Adriano Benayon * - 30.12.2014
O ano termina sob o espectro de
perspectivas preocupantes no âmbito nacional e no do poder mundial.
2. Isso recomenda que os povos
assumam atitude engajada e participativa, livre das falsas lideranças que
iludem tanta gente, e, assim, se libertem de um sistema que os despoja e
aliena.
3. No País persiste o assédio para
que se desnacionalizem as poucas grandes empresas públicas e privadas sob
controle nacional que ainda lhe restam.
4. Historicamente, os agentes das
campanhas nesse sentido valeram-se sempre, como ocorre atualmente, da retórica
moralista para atingir seu real objetivo.
5. Vivemos sob um sistema político em
que os aspirantes aos cargos eletivos dependem de exposição na TV – um espaço
fechado aos não comprometidos com os reais donos e beneficiários desse sistema.
Dependem também de dinheiro grosso para as campanhas eleitorais, num país em
que a economia é concentradíssima e desnacionalizada.
6. Nessas condições, ainda que
o Executivo estivesse nas mãos de titular solidamente apoiado pela maioria da
sociedade, ele não teria como colocar os interesses dela acima dos grupos que
concentram o poder real.
7. Estes elegem a grande maioria do
Congresso e, sustentando-se na grande mídia, exercem ascendência
ideológica sobre o Judiciário, o Ministério Público, a Polícia, os quadros
técnicos e administrativos da Fazenda, Banco Central etc.
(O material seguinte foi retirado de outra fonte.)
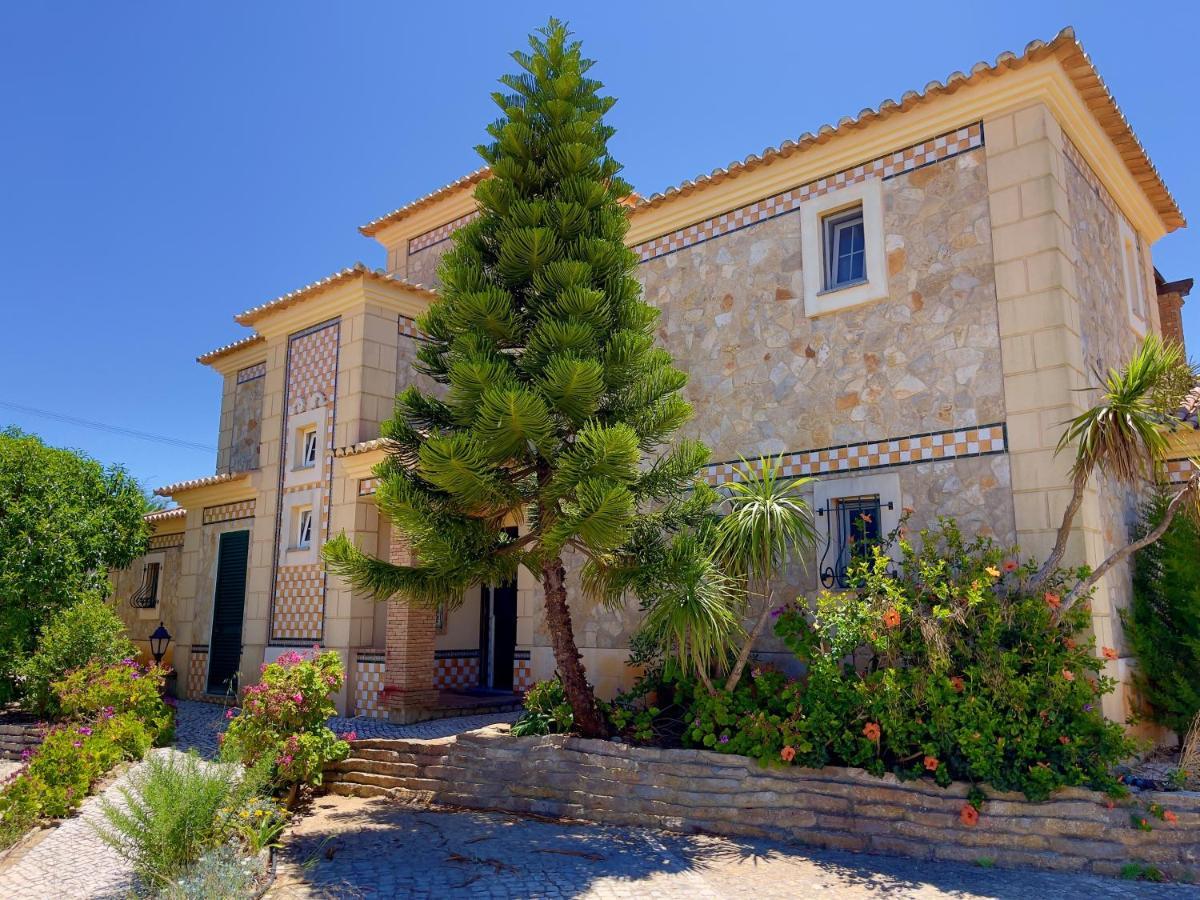 Quinta Do Mar - Country & Sea Village Luz المظهر الخارجي الصورة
8. Além disso, a autonomia dada pela
Constituição a esses órgãos e a instituição das agências independentes permitem
ações e iniciativas descoordenadas, em que preferências pessoais
substituem políticas coerentes orientadas pelo interesse público.
9. Ademais, cargos na Administração,
nas agências do Estado e nas grandes empresas e bancos estatais são usados
pelos chefes do Executivo, inclusive os do PT - pois lhes falta maioria
no Congresso, onde prevalece o toma-lá-dá-cá - como moeda de barganha com
partidos políticos, em nome da “governabilidade”.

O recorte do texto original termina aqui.